Staffing issues in the cybersecurity workforce are well known. (ISC)2 research estimates the size of the global cybersecurity workforce at 4.7 million people, but warns the industry faces a worldwide gap of 3.4 million cybersecurity workers.
And with reports suggesting that organisations are being too slow to patch security concerns, implementing DevSecOps can be a solution to organisations looking to tackle security issues.
As Deloitte explains, DevSecOps fundamentally transforms cyber and risk management. Short for development, security, and operations, DevSecOps automates the integration of security at every phase of the software development lifecycle, from initial design through integration, testing, deployment, and software delivery.

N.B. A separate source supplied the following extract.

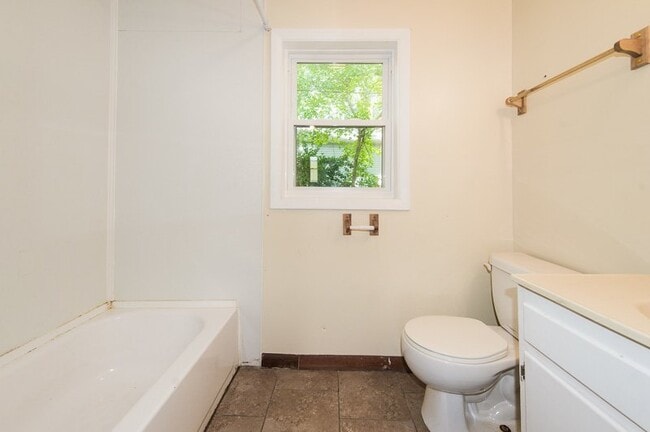 Building Photo - For Rent: 3 bedroom, 1 bath house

“The purpose and intent of DevSecOps is to build on the mindset that everyone is responsible for security with the goal of safely distributing security decisions at speed and scale to those who hold the highest level of context without sacrificing the safety required,” describes Shannon Lietz, co-author of the “DevSecOps Manifesto.”

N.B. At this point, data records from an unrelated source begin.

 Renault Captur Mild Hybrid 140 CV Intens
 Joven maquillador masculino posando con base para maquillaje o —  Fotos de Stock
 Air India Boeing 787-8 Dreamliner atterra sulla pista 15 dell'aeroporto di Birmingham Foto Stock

As Larry Maccherone, DevSecOps Transformation Architect at Contrast Security told Tech LIVE Virtual in June, taking a fundamentally different approach that creates a good sense of trust between security and development groups can actually move the needle in reducing cybersecurity risk.
“In the world of application security today, we tend to beat people up with it. We tend to not actually trust them and help them become worthy of that trust, especially the security group in relation to the development group.”
Organisations need to move away from a gatekeeping approach to security
When scaling DevSecOps transformation in the enterprise, Maccherone argues that organisations need to move away from a gatekeeping, confrontational approach to application security. The first challenge in pulling this off is to get the mindset right.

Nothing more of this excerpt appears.